Asphalt

Why does new pavement smell like butt?

In other words you can also call it asphalt.

Ass-phalt.

Week

Someone complimented me on my driving last week. They left a note saying, "Parking Fine!"

Driver

1, 2, 3, 4, 5. I'm old enough to drive, for now I'm still alive, till I crash in that beehive!

Memes

Llama

A few days ago, I phoned up the spiritual leader of Tibet, and he sent me a large goat with a long neck. Turns out I phoned Dial-a-Llama.

Allergy

I find it difficult to count to ten in French: un, deux, trois, quatre, cinq, six, sept.

I can't say the next one because I have a "huit" allergy.

Guitarist

I was at a concert in the front row, and I shouted something to the band's guitarist. He took it the wrong way and responded: "I'm going to go down there and hit you with my guitar!"

And I replied: "Is that a death fret?"

Grasshopper

A grasshopper walked into a bar and sat down at the counter.

The bartender looked at him and said, "We have a drink named after you." The grasshopper replied, "Who names a drink Steve?"

Punishment

How did Helen Keller's parents punish her?

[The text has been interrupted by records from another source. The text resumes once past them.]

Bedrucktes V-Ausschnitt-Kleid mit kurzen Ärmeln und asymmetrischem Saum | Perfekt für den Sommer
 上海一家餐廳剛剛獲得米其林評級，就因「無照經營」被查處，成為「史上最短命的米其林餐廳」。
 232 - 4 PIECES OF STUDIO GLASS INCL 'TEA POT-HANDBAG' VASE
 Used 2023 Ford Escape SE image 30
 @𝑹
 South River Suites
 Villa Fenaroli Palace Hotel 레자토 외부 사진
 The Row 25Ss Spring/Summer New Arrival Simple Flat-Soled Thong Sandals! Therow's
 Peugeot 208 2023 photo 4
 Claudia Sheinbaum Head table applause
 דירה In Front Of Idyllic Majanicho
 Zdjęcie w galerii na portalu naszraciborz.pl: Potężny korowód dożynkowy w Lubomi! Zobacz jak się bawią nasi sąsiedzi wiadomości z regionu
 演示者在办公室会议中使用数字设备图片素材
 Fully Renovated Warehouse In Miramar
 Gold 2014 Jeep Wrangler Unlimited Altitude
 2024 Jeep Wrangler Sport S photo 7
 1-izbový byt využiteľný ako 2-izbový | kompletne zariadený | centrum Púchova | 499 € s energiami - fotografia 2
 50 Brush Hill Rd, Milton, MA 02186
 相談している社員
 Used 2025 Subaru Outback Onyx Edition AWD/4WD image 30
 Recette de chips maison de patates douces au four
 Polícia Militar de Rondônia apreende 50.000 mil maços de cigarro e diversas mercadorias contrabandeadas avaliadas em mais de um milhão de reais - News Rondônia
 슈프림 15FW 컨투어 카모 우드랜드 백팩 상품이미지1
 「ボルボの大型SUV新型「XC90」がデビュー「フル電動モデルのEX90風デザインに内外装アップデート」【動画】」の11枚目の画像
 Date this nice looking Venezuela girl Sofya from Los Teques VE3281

They gave her a cheese grater and told her it was a book.

Name

What did Daveon say when he saw a spider? "I'm Dave-on with this!"

Kobe

Pilot: So Kobe, it seems like you’re not going to make it to your destination in time, so I’m going to put it on autopilot so I can find a place to fill with gas.

Kobe: Take us to the side of that mountain at full speed. I don’t really want to go to the event anymore.

Guy

I saw two really tall guys. I walked up and said, "I didn't know we still have the Twin Towers!"